Configuration files contain parameters and values, separated by ``='' (with any amount of whitespace around the ``=''. Values extend from the first non-whitespace character after the ``='', to the end of line. Simple parameters are placed directly into %config's keys. Parameters of the form ``a.b.c'' are stored as $config{a}{b}{c}. Config array references can be created using ``+='' to set the values in the array.

Example exsite.conf settings:

    trim_whitespace = 0
    db_ops.new.url = append.cgi


This routine configures ExSite, and performs any local initializations. This routine is called automatically at the start of all generic CGI scripts, and should be called by custom scripts as well.

Local initialization can be done in &myConfig::my_exsite_init, which is called automatically from here.


Call this at the end of every ExSite program to ensure that files, caches, sessions, etc. are properly flushed.


There are a handful of global objects that ExSite commonly works with. The most common are the primary database object, and the current page being constructed. These are normally stored in %share to make them available to all components.
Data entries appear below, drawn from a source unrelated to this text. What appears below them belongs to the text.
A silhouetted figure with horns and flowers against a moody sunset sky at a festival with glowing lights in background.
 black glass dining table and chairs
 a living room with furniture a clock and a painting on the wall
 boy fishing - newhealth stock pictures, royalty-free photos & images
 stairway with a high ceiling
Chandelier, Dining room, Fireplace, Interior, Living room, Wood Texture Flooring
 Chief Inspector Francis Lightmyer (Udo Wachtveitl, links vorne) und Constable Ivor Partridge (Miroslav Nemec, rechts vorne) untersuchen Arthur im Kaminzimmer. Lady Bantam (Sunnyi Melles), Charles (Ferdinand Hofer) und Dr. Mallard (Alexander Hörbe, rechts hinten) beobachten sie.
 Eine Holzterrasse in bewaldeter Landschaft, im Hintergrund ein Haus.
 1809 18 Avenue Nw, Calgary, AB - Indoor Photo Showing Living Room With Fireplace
You can use get_obj() to fetch a predefined object safely. That is, it will return the predefined object if it exists, and it will create the object if it does not exist.


my $db = &get_obj('DB');


Handlers allow plug ins or other subsystems to register special business logic that should take precedence over the default logic in certain cases.

The ExSite base system has to do this in a few cases for its content management tables, which have their own logic that differs from the generic database handling. Otherwise, it is expected that most handlers will be site-specific (registered in myConfig::my_handlers() ) or plug-in-specific (registered from the plug-in module in Modules/).